I’ve played video games with so many different people in my life, but ultimately I trace my love of games to my mom, who sank countless quarters into arcade and pinball machines during nursing school and played Atari with her brothers growing up, competing to stack up the most extra lives possible in Pac-Man. To be introduced to so many blinking lights and whooping sound effects by her was to be granted a kind of inheritance, a call to carry my family’s love of social games forward. In the same way that my older relatives would pack into my grandmother’s back room in Queens and argue in Spanish over smoky games of dominoes, I’ve since gathered my mom, uncle, and sister’s fiancé together for tense rounds of the cooperative restaurant management game Overcooked.

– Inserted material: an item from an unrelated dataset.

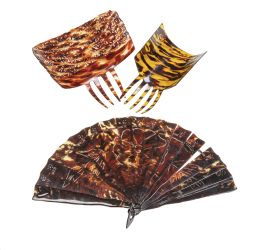 672.  Lote de abanico brisé y dos peinetas de imitación carey.Trabajo español, primera mitad del S. XX.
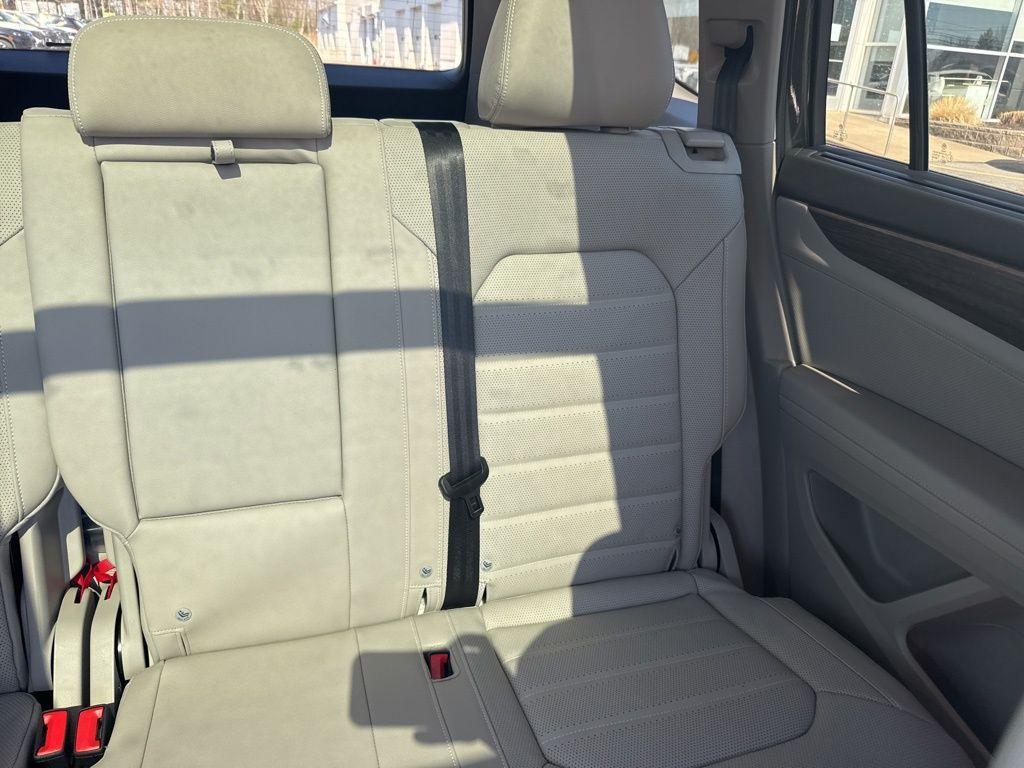new 2026 Volkswagen Atlas car, priced at $51,312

So when I moved to Charlottesville, I naturally turned to games to stay connected with people. Online matches of Halo Infinite are weekly fixations with my closest friends, and the latest Pokémon title has kept another good friend and me talking for weeks. But as I started to explore the city, I noticed something: Charlottesville loves games, too. Like, more than many people realize, and perhaps even more than my hometown of Richmond. There’s a deep vein of pinball machines and arcade games running through the city, from the vintage to the exceedingly modern. Miller’s, Champion Brewing, and Lazy Parrot each celebrate the classic bar pairing of alcohol and pinball. Firefly’s game room wows with a thoughtfully curated mix, while Bowlero dazzles with cutting-edge machines and prize dispensers. You can take a tour of the entire history of arcade amusements with the staggering selection of games at Decades, and discover more ways to play at Brightside Beach Pub and Dürty Nelly’s.
I have no doubt that there’s even more out there—every time I stepped into one place, someone would tip me off to two others.
But any old watering hole or laundromat can set up shop with a Ms. Pac-Man cabinet. It takes an intentional choice of machines to really make a game room stand out. Firefly’s lineup is one of the most famous in town because it hits all the right notes with its array of classic and well-loved titles.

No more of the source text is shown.